Cuando fui la mitad del hombre que era
Y bien se me está, como advierten los sermones,
(Suspiró el viejo palo de atacar, muriendo de ruina),
No un ternero vacilante o un gato en llamas,
Ni un toro cual nogal sobre la hierba lechosa,
Sino un carnero negro con el cuerno estrujado,
Por fin el alma de su inmunda ratonera
Se escurrió enfurruñada al llegar los tiempos flácidos;
Y le dí a mi alma un ojo ciego, acuchillado,
Cartílago y pellejo, y una vida de rugidor,
Y la empujé hacia el cielo negro de carbón
Para encontrar un alma de mujer por esposa.

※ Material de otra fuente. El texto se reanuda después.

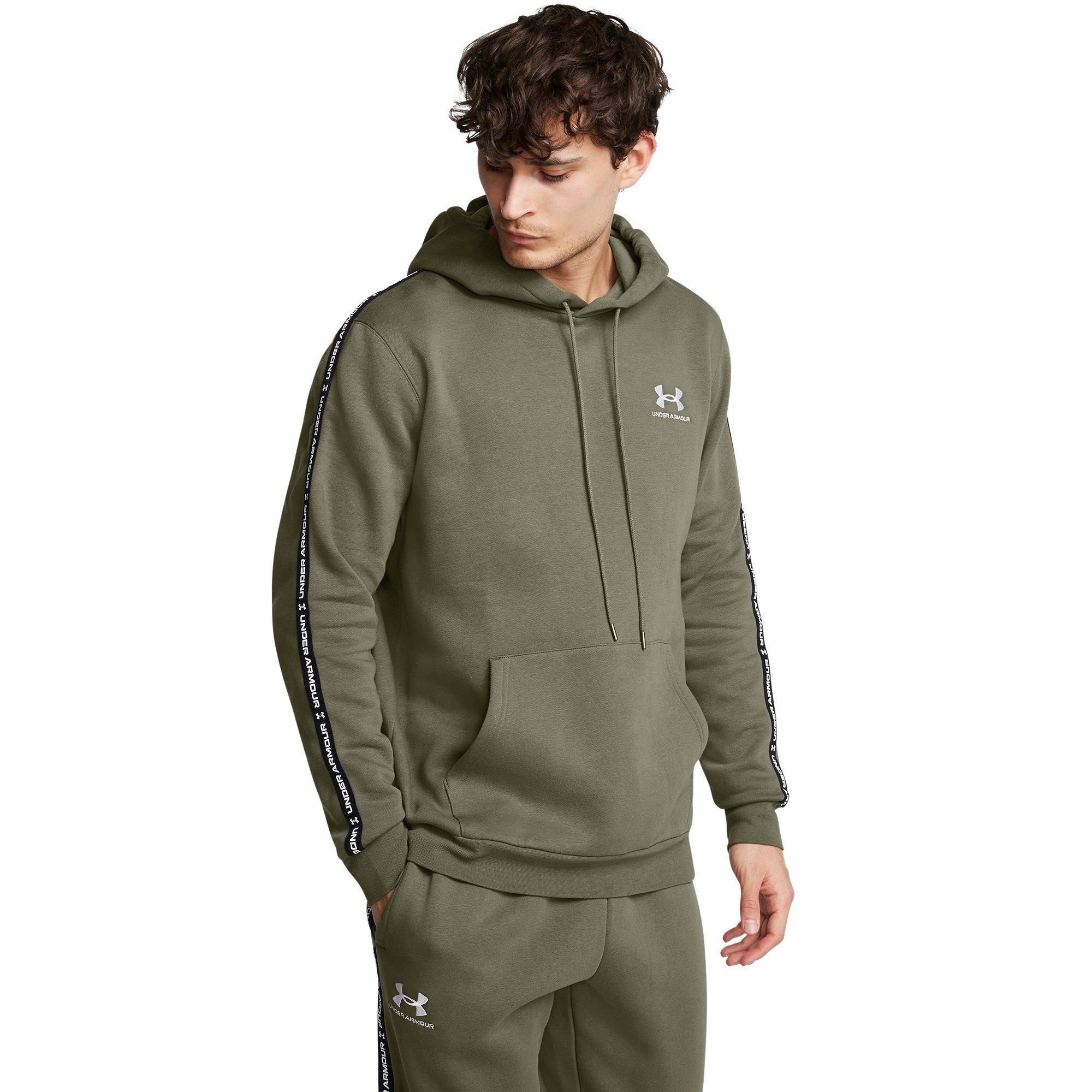 Marine OD Green - Under Armour - Icon Fleece Taping Hoodie Mens - 2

Y ahora que soy el hombre nunca más, nunca más
Y la negra recompensa de una vida rugiente,
(Suspiró el viejo palo de atacar, muriendo de extranjeros)
Pulcro y maldito en mi cuarto arrullado por palomas,
Me acuesto enflaquecido y oigo la cháchara de las fieles campanas,
Porque, oh, mi alma encontró una esposa de domingo
En el cielo negro de carbón, ¡y dio a luz angelitos!
¡Arpías en torno a mí salidas de su útero!
Reza por mí la castidad, la piedad canta,
La inocencia endulza mi último negro aliento,
La modestia esconde mis muslos bajo sus alas,
¡Y todas las mortíferas virtudes infestan mi muerte!

NOTA: Versiones realizadas a partir del texto original y la traducción de la antología de Dylan Thomas, Muertes y entradas (1934-1953), Huerga y Fierro Editores, Madrid, 2003, al cuidado de Niall Binns y Vanesa Pérez Sauquillo.